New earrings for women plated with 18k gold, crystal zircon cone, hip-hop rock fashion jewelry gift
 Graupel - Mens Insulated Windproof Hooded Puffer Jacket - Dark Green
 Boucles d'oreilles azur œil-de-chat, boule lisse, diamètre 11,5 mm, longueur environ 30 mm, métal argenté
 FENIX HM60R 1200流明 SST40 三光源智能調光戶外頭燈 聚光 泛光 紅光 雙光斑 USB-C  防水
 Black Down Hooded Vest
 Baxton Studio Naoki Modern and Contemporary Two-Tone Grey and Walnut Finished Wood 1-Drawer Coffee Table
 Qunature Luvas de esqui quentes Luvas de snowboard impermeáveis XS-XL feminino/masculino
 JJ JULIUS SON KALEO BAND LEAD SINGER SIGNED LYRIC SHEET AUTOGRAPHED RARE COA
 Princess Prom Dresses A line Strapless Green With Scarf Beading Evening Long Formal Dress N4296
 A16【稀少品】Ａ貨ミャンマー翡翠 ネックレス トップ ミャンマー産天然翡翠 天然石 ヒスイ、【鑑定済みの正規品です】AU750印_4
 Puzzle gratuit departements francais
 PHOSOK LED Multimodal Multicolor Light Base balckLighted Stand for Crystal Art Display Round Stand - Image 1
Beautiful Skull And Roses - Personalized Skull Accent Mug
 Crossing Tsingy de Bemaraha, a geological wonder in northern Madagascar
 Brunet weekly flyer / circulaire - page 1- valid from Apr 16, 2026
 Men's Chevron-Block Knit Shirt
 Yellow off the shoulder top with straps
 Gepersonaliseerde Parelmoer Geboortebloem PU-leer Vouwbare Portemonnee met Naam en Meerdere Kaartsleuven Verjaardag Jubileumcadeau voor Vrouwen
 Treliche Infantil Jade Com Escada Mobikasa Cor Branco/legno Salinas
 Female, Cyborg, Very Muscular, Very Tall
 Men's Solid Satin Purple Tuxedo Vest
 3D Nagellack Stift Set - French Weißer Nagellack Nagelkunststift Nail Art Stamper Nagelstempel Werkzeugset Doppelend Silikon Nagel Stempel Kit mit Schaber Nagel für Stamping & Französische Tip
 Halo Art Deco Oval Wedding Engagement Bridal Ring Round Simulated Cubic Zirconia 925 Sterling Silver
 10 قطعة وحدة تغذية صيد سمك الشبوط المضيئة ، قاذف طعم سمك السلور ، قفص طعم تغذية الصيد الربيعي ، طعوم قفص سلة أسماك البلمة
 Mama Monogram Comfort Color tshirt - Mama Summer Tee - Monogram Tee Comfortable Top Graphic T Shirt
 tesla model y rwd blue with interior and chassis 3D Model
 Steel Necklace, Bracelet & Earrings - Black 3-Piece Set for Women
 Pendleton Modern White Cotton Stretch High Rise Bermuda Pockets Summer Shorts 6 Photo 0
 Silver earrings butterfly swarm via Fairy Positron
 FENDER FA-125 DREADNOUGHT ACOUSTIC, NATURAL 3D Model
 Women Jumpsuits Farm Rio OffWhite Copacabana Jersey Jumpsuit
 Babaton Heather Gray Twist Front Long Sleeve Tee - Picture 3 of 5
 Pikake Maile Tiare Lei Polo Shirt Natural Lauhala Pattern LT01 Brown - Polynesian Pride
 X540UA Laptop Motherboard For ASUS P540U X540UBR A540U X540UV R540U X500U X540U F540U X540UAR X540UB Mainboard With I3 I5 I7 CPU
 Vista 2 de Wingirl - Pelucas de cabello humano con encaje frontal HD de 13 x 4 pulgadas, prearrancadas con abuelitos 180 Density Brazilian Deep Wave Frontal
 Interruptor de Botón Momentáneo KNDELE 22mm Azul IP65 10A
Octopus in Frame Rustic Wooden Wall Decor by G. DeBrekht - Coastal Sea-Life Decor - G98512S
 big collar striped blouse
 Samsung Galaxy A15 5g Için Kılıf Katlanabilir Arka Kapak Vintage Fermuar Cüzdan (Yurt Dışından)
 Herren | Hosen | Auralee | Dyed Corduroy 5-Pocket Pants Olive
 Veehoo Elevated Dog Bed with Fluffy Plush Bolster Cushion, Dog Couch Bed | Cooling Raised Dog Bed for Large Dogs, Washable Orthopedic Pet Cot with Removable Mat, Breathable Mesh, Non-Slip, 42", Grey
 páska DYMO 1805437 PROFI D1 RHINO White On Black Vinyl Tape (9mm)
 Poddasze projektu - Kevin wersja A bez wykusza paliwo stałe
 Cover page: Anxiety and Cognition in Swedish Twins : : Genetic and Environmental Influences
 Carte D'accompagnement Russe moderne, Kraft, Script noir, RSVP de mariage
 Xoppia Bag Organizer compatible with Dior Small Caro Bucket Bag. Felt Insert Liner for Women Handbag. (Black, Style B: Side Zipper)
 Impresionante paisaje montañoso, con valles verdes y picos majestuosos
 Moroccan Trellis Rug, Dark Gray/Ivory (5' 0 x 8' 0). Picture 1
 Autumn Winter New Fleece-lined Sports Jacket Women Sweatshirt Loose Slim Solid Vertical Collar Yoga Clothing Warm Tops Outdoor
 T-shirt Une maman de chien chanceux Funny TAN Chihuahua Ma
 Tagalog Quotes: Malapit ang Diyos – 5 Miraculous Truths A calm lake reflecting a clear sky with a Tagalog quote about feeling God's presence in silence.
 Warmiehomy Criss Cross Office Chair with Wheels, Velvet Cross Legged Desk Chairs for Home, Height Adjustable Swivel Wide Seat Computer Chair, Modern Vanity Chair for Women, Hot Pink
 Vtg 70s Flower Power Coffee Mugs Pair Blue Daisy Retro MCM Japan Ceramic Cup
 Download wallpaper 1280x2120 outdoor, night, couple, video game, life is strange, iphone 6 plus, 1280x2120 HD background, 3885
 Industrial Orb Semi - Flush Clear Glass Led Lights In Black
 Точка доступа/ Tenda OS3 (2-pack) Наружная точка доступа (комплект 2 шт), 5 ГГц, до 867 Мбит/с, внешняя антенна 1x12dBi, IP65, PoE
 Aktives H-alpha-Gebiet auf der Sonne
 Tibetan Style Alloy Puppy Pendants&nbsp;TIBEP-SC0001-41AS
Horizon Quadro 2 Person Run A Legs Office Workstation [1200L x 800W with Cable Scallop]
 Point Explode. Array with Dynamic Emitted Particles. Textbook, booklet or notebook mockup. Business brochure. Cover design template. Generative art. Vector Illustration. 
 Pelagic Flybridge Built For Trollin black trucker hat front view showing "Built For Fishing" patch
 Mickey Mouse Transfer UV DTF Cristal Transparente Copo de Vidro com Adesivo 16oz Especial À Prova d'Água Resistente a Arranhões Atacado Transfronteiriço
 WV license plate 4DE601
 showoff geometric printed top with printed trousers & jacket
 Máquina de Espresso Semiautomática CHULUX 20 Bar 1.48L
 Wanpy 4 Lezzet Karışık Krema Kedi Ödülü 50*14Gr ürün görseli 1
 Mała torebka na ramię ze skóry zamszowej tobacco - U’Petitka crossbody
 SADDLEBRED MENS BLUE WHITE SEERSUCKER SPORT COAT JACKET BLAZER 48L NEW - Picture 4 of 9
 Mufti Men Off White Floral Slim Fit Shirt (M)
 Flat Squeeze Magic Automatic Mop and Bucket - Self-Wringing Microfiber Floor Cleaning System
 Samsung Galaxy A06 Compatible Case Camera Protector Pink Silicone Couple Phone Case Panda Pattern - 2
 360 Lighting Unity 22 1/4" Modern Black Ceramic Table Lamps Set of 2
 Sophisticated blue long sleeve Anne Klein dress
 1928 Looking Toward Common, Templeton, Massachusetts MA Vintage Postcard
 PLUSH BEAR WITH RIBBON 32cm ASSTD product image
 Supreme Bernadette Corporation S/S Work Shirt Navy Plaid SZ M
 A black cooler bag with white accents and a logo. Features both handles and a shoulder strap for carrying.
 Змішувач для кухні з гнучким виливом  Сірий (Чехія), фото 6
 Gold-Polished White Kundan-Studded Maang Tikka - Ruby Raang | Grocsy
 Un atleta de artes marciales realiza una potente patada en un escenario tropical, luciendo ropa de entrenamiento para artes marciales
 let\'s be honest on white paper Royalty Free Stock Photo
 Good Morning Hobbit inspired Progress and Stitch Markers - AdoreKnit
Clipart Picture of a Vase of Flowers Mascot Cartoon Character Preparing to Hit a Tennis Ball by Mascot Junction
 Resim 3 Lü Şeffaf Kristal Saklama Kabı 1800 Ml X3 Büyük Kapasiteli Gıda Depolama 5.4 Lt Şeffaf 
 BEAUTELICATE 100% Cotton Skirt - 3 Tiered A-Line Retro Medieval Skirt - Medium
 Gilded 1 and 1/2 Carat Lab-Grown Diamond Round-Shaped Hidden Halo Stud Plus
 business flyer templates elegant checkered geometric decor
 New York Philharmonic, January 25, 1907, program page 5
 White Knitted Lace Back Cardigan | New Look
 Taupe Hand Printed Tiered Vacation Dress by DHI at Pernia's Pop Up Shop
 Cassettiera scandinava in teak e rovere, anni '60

____________

- _ABOUT THIS EXERCISE_
When the line with "Mufti Men Off" is reached in the data above, start copying there, and copy each line exactly until the line with "Good Morning Hobbit" has been copied; copy nothing else.

- _REPLY TO THE TASK_
 Mufti Men Off White Floral Slim Fit Shirt (M)
 Flat Squeeze Magic Automatic Mop and Bucket - Self-Wringing Microfiber Floor Cleaning System
 Samsung Galaxy A06 Compatible Case Camera Protector Pink Silicone Couple Phone Case Panda Pattern - 2
 360 Lighting Unity 22 1/4" Modern Black Ceramic Table Lamps Set of 2
 Sophisticated blue long sleeve Anne Klein dress
 1928 Looking Toward Common, Templeton, Massachusetts MA Vintage Postcard
 PLUSH BEAR WITH RIBBON 32cm ASSTD product image
 Supreme Bernadette Corporation S/S Work Shirt Navy Plaid SZ M
 A black cooler bag with white accents and a logo. Features both handles and a shoulder strap for carrying.
 Змішувач для кухні з гнучким виливом  Сірий (Чехія), фото 6
 Gold-Polished White Kundan-Studded Maang Tikka - Ruby Raang | Grocsy
 Un atleta de artes marciales realiza una potente patada en un escenario tropical, luciendo ropa de entrenamiento para artes marciales
 let\'s be honest on white paper Royalty Free Stock Photo
 Good Morning Hobbit inspired Progress and Stitch Markers - AdoreKnit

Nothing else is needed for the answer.